Two consequences follow immediately, and they are the whole chapter.

First, you are shaping a distribution, not writing to a key-value store. There is no row in the model that says refund_window = 30 days. There is a slightly increased probability that, in contexts that resemble your training examples, the tokens "30 days" appear. That probabilistic encoding is why a fine-tuned fact is unreliable (it competes with everything else the model believes) and unaddressable (you cannot locate or edit it). It is also why style sticks so well: style is a pervasive statistical regularity across all your examples, every example is warm, every example is a numbered list, so the nudge is consistent and reinforcing, while a single fact appears in one example and is easily overwritten.

Second, the model is changing everywhere, not just where you intended.

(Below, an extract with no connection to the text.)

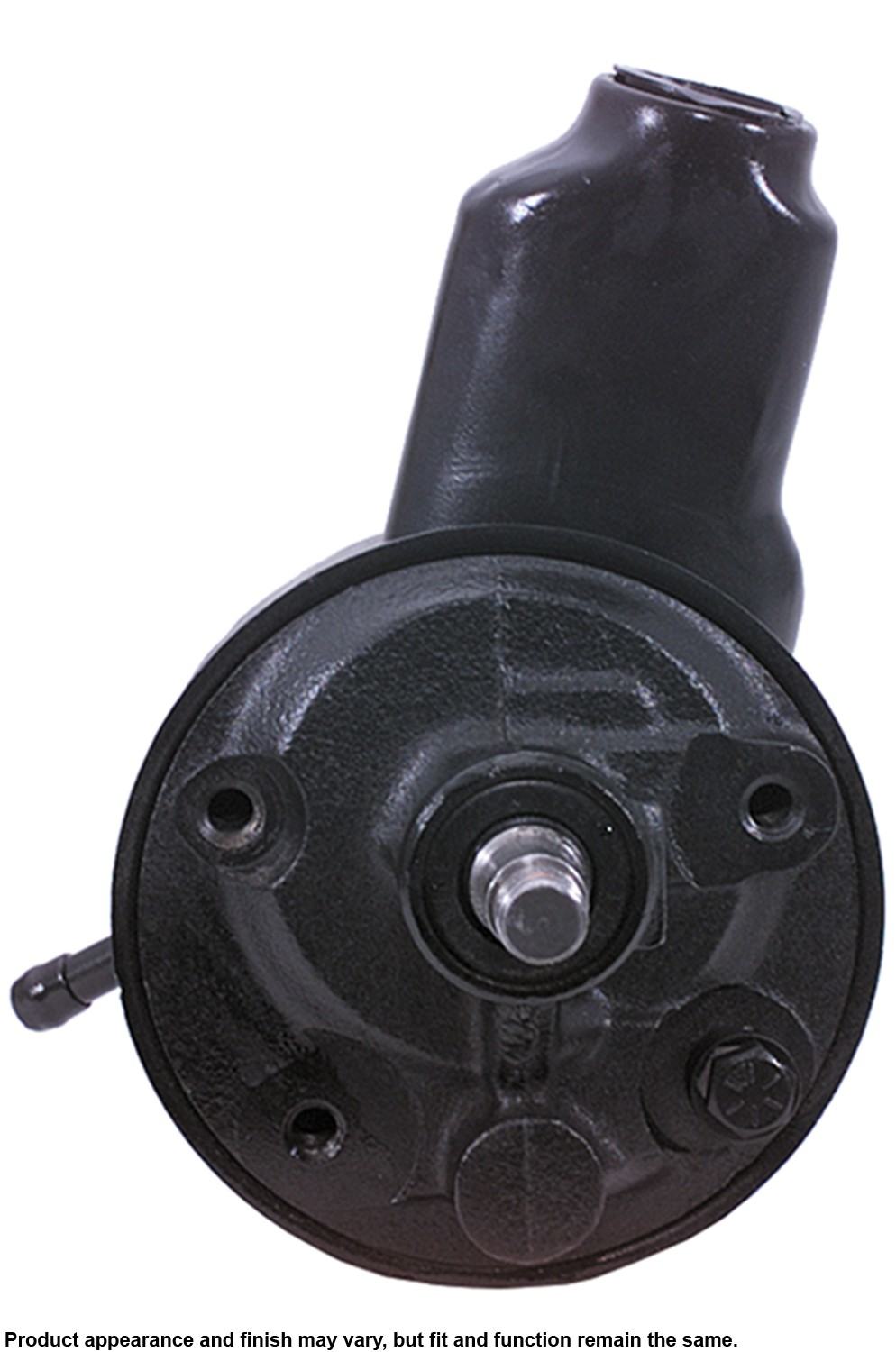 Cardone Reman Remanufactured Power Steering Pump 20-6088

You showed it support tickets; it adjusted weights that also govern how it writes poetry, solves arithmetic, and refuses harmful requests. Usually those side effects are small. Sometimes they are not, and the model gets measurably worse at things you never touched. That is catastrophic forgetting, and it is not a bug in your data, it is a property of gradient descent on a shared parameter space.

Whiteboard-style technical sketch infographic for What Fine-Tuning Actually Changes.
Training reinforces repeated behavioral patterns, while isolated facts remain fragile and operationally uneditable.

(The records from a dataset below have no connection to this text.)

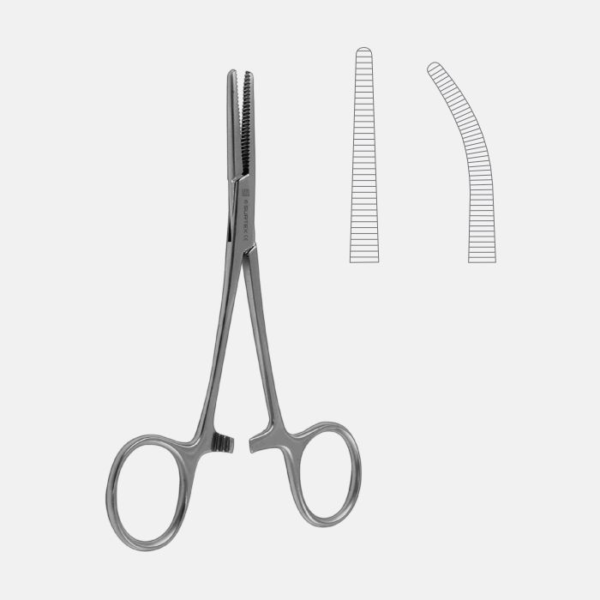 Spencer-Wells Artery Forceps
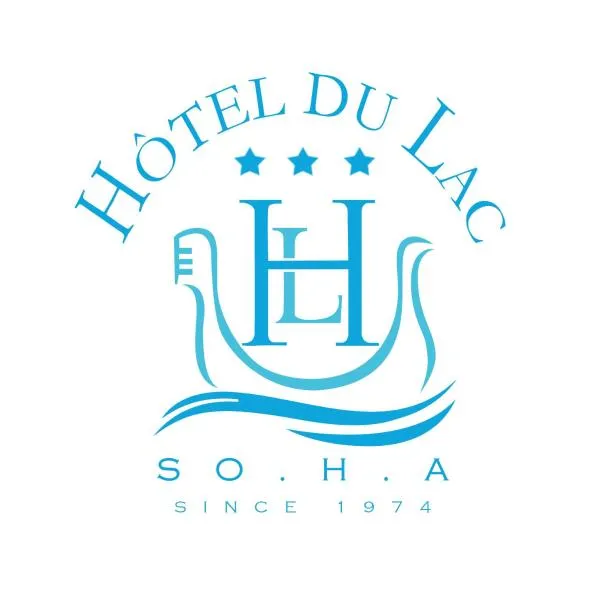 Hotel Du Lac, hotel v destinaci Cotonou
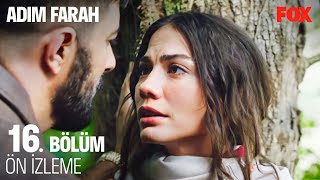 سریال اسم من فرح Adim Farah قسمت 16 با زیرنویس چسبیده فارسی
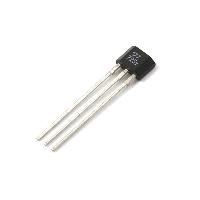 Hall Effect Sensor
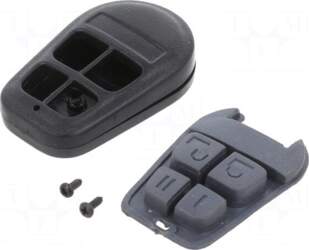 MASZCZYK Enclosure: for remote controller |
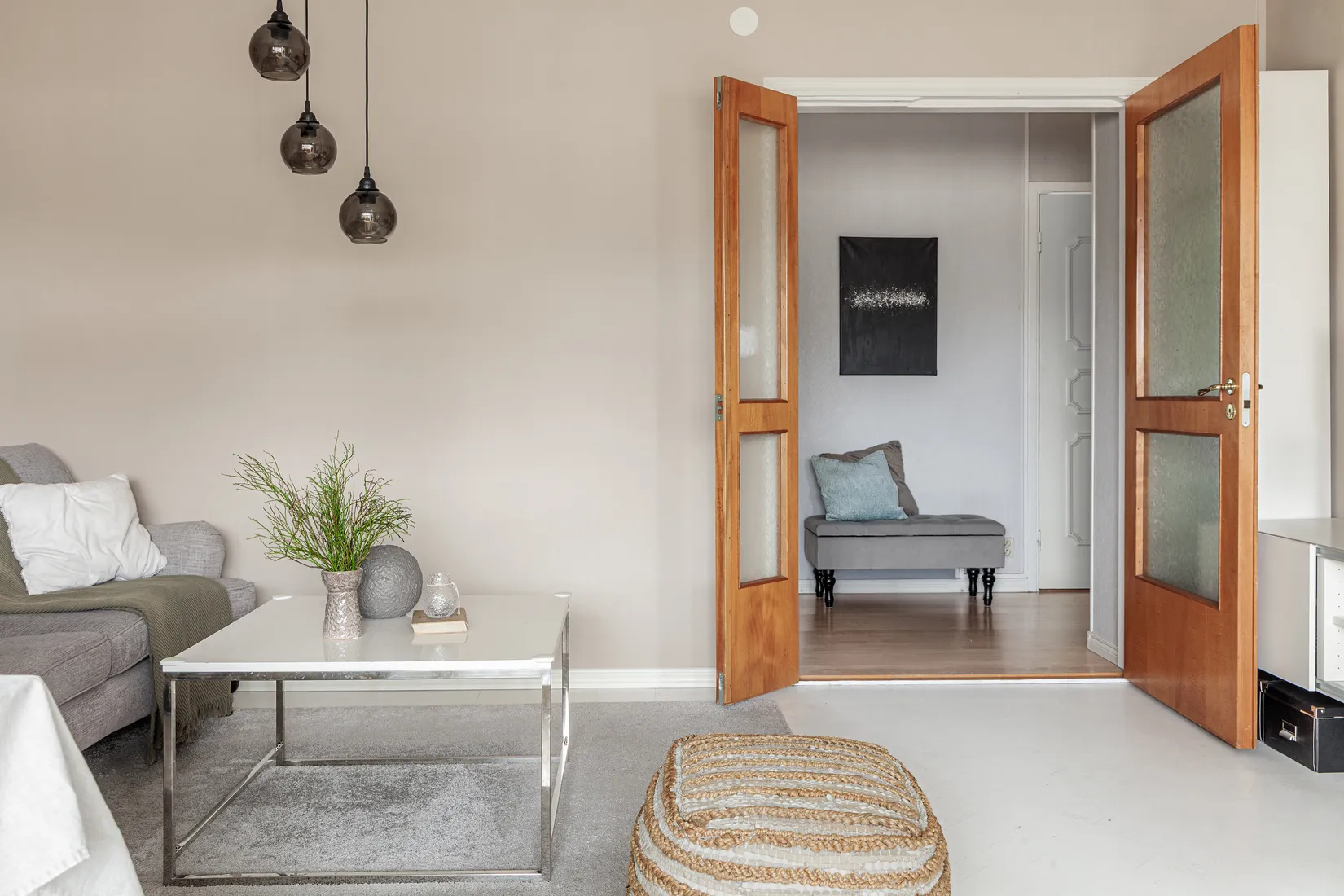 Bostadsrätt, Solbergavägen 27, Isaksdal, Nyköping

Why facts are bad tenants in weights

It is worth being precise about why fine-tuning is a poor way to store facts, because "just retrieve it" is advice people accept intellectually and ignore in practice.

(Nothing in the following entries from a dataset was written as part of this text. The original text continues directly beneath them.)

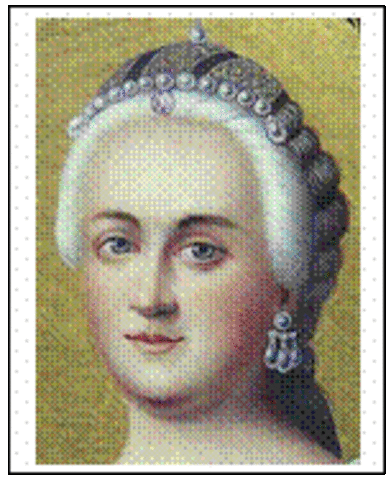Catherine II (the Great)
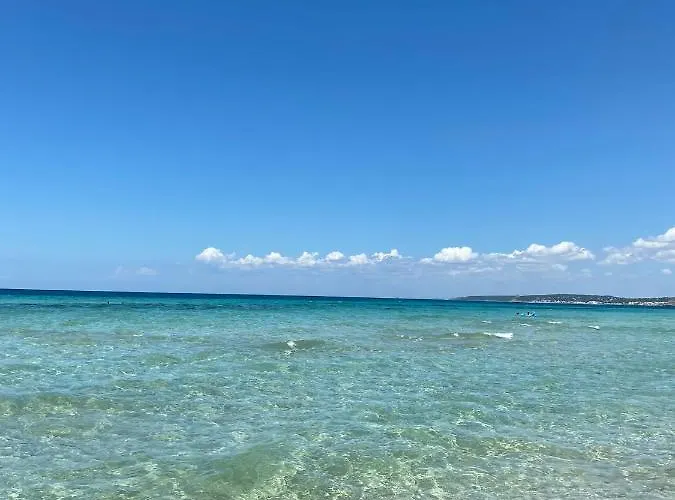 Appartamento La Fenice Sulla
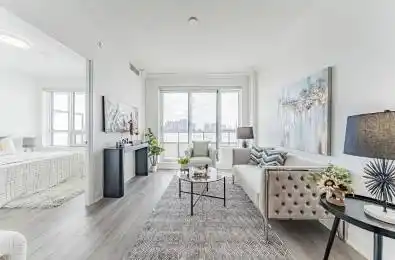 38 Water Walk Drive Unit# 307 Markham Ontario L3R 6M8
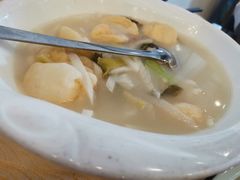 -和膳居饮食有限公司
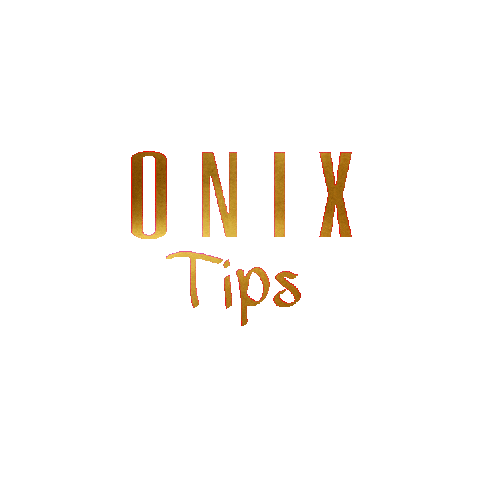Onix Makeup Sticker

Knowledge has measurable capacity limits in model weights. The knowledge capacity scaling study found that models store on the order of a couple of bits of factual knowledge per parameter under good conditions, meaning facts are expensive to store in weights and require many exposures and clean presentation to stick at all. A handful of training examples mentioning a fact does not reliably install it; it perturbs the distribution slightly and is easily drowned out by the vastly larger pre-training signal. This is the mechanical reason the support bot's fine-tune did not even reliably learn the new facts when they were present, facts need repetition and consistency to take, and a support corpus contains each specific fact only a few times, inconsistently phrased.

Contrast this with what a retrieval system does: it stores the fact once, verbatim, in a place you can read, edit, version, and delete, and injects it at full fidelity exactly when needed. On the dimension of storing and serving a specific current fact, retrieval beats fine-tuning on accuracy, freshness, editability, auditability, and cost. There is no contest. Fine-tuning's strength is the opposite kind of thing, diffuse, pervasive patterns that should color every response, and facts are not that kind of thing.

You want to encode...... as a fine-tune?Why
"Always answer as a numbered list"YesPervasive pattern across all examples; reinforced every step
"Use a warm, concise tone"YesDiffuse statistical regularity; exactly what distribution-shaping is good at
"Classify tickets into these 8 categories"YesRepeated task structure with consistent target behavior
"Our refund window is 30 days"NoA single point fact; expensive to store, unreliable, unaddressable, goes stale
"User 8831 is on the Pro plan"NeverPer-request state; changes; belongs in a database
"Call the lookup_order tool before answering shipping questions"YesA behavioral convention, repeated across examples

Catastrophic forgetting: the side effect you didn't authorize

When you fine-tune, the optimizer is free to move any weight that reduces loss on your examples, including weights that encode capabilities unrelated to your task. The result, well documented, is that a model fine-tuned hard on a narrow task can lose general capability, reasoning, instruction-following, even safety behavior, that it had before. The empirical study of catastrophic forgetting during continual fine-tuning found general-capability degradation across model sizes as fine-tuning proceeds, and noted that the effect grows with how aggressively you train.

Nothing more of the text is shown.